The runner deploys the tag and restarts the app. Watch progress under Actions on the Forgejo repo, or pm2 logs forgejo-runner on pms1.

Operational notes

  • The watcher runs Claude Code with --dangerously-skip-permissions inside the dedicated pelagia-autofix clone — never point workDir at your main checkout.

  • Watcher only works issues while this PC is on; queued issues are picked up on the next run after boot (-StartWhenAvailable).

  • Tokens: portal-report-issue (write:issue, used by the app) and claude-watcher (write:issue + write:repository, used by the watcher). Both belong to the shad0w Forgejo account. Rotate via docker exec -u 1000 forgejo forgejo admin user generate-access-token ....

  • Server-side env for the button lives in ~/pms/App/.env on pms1 (FORGEJO_URL=http://127.0.0.1:3001 so it does not depend on the tunnel).
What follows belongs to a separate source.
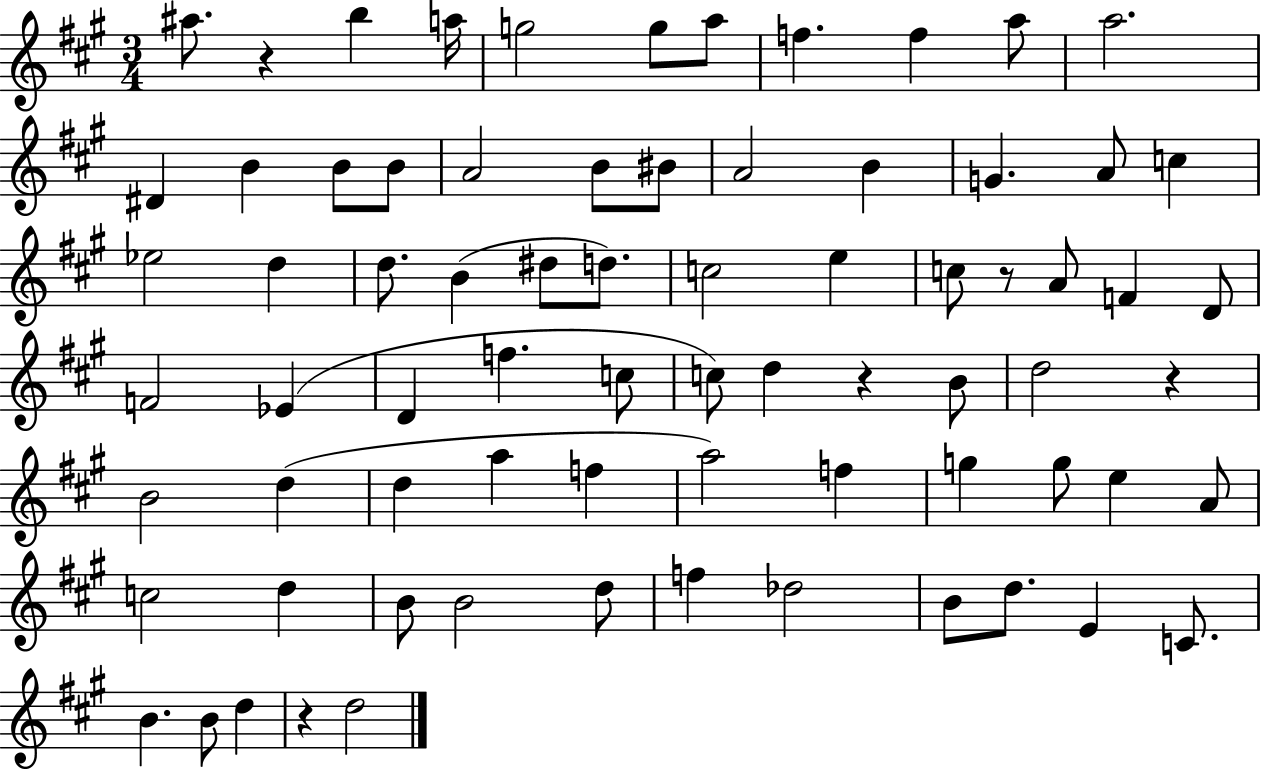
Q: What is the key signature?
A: A major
  • Known Forgejo 10 bug: clicking Update branch on a PR (or pushing to its head branch) can make the page show "This pull request is broken due to missing fork information" even though the PR is fine (API still reports mergeable: true). Fix: close and reopen the PR — via the UI, or:

    $h = @{ Authorization = "token <claude-watcher token>" }
    Invoke-RestMethod -Method Patch -Headers $h -ContentType application/json `
      -Uri https://git.pelagiamarine.com/api/v1/repos/shad0w/pelagia-portal/pulls/<N> -Body '{"state":"closed"}'
    Invoke-RestMethod -Method Patch -Headers $h -ContentType application/json `
      -Uri https://git.pelagiamarine.com/api/v1/repos/shad0w/pelagia-portal/pulls/<N> -Body '{"state":"open"}'
    

    Fixed upstream in newer Gitea/Forgejo — resolves itself if Forgejo is upgraded past v10.